**PROMPT:** Below are some entries. Count the lines where "Thumbnail" appears and state only that number.

BEGIN

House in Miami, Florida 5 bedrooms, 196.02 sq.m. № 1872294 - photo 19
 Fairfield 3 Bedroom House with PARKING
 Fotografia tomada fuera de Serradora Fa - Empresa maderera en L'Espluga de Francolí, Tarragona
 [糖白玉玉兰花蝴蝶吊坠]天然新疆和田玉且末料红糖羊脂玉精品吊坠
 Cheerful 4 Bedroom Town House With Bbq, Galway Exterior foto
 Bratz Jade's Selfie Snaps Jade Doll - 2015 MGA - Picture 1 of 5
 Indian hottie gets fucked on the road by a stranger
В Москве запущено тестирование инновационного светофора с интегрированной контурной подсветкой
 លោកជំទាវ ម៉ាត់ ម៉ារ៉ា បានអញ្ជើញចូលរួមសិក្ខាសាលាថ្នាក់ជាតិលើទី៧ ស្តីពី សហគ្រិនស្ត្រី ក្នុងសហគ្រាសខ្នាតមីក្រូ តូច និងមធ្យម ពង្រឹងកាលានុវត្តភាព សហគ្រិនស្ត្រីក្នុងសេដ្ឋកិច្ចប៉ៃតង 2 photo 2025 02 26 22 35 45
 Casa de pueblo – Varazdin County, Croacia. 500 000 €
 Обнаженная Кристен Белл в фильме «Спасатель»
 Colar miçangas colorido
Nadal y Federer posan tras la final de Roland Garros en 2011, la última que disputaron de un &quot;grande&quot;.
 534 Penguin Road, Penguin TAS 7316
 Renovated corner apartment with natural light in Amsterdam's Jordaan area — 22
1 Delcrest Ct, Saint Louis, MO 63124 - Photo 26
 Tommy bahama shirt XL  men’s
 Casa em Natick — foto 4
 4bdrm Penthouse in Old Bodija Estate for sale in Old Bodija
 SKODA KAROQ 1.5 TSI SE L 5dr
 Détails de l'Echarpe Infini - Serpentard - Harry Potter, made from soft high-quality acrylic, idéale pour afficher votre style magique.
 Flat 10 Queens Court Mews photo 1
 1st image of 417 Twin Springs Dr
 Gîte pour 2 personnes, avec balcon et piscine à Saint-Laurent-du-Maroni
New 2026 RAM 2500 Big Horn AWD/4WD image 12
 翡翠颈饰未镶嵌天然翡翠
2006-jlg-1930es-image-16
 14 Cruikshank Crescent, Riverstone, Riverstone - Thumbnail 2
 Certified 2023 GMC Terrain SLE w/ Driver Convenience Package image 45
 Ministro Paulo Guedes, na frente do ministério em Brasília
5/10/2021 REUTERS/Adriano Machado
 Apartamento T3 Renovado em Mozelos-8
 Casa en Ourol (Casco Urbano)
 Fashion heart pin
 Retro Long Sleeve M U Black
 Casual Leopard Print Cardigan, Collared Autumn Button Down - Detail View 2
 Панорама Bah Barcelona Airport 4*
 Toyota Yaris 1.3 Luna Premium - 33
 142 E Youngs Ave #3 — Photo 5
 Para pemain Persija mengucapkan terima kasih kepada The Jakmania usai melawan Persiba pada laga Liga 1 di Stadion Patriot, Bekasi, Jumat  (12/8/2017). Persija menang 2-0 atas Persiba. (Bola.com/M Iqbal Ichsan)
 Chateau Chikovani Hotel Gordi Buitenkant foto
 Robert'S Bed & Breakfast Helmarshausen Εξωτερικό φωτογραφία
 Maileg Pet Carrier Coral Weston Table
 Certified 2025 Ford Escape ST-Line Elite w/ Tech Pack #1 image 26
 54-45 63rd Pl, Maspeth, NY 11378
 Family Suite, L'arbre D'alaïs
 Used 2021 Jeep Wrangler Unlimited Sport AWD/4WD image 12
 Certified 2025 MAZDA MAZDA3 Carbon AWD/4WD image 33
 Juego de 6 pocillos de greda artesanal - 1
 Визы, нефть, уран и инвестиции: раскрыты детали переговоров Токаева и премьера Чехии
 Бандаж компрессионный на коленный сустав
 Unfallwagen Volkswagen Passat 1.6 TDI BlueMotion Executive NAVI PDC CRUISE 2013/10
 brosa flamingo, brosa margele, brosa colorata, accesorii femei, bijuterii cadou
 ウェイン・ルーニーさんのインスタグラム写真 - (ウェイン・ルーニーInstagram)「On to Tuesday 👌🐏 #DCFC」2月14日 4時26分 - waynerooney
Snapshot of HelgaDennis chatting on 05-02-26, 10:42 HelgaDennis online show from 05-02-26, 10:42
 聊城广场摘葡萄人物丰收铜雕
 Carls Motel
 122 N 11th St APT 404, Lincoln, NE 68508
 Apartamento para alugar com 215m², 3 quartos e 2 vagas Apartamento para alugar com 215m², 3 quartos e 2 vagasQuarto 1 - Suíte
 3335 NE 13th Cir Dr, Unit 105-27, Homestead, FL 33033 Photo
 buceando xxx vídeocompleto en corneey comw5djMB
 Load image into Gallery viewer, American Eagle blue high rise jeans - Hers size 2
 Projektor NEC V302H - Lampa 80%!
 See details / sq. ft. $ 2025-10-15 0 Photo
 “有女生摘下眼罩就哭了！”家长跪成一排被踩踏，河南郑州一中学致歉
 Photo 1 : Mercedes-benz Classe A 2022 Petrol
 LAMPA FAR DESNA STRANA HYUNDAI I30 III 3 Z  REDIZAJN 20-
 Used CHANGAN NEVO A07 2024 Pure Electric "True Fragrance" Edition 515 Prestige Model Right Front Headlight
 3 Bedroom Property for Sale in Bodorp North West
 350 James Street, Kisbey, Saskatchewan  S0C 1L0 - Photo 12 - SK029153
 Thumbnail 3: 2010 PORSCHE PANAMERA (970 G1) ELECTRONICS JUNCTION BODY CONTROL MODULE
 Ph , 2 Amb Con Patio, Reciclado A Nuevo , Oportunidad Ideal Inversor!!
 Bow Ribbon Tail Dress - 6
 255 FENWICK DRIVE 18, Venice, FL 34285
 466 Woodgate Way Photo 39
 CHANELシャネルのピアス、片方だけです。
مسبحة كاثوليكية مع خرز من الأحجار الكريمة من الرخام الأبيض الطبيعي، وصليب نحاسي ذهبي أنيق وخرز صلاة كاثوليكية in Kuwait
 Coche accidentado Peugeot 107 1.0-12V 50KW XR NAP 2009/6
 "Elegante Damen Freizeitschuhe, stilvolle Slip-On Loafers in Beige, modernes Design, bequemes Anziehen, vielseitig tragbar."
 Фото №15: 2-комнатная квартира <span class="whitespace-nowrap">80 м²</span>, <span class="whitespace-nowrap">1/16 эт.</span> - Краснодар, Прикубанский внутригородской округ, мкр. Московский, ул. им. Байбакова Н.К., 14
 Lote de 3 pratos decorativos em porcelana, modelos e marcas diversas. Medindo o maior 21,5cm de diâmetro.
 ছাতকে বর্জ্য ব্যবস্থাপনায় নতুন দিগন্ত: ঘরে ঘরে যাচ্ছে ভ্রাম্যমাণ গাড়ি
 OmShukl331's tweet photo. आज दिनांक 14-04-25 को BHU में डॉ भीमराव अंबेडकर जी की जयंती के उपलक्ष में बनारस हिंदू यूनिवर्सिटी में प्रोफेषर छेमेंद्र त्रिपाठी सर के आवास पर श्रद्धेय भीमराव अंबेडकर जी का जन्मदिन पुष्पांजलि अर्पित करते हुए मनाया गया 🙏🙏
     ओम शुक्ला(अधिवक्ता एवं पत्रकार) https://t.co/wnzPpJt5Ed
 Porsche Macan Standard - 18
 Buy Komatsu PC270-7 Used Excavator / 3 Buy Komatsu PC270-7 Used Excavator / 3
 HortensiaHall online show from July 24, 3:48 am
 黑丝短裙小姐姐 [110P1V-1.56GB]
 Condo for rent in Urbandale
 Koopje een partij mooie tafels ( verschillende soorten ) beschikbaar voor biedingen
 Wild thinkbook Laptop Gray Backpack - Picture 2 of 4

END

**EXPECTED OUTPUT:** 2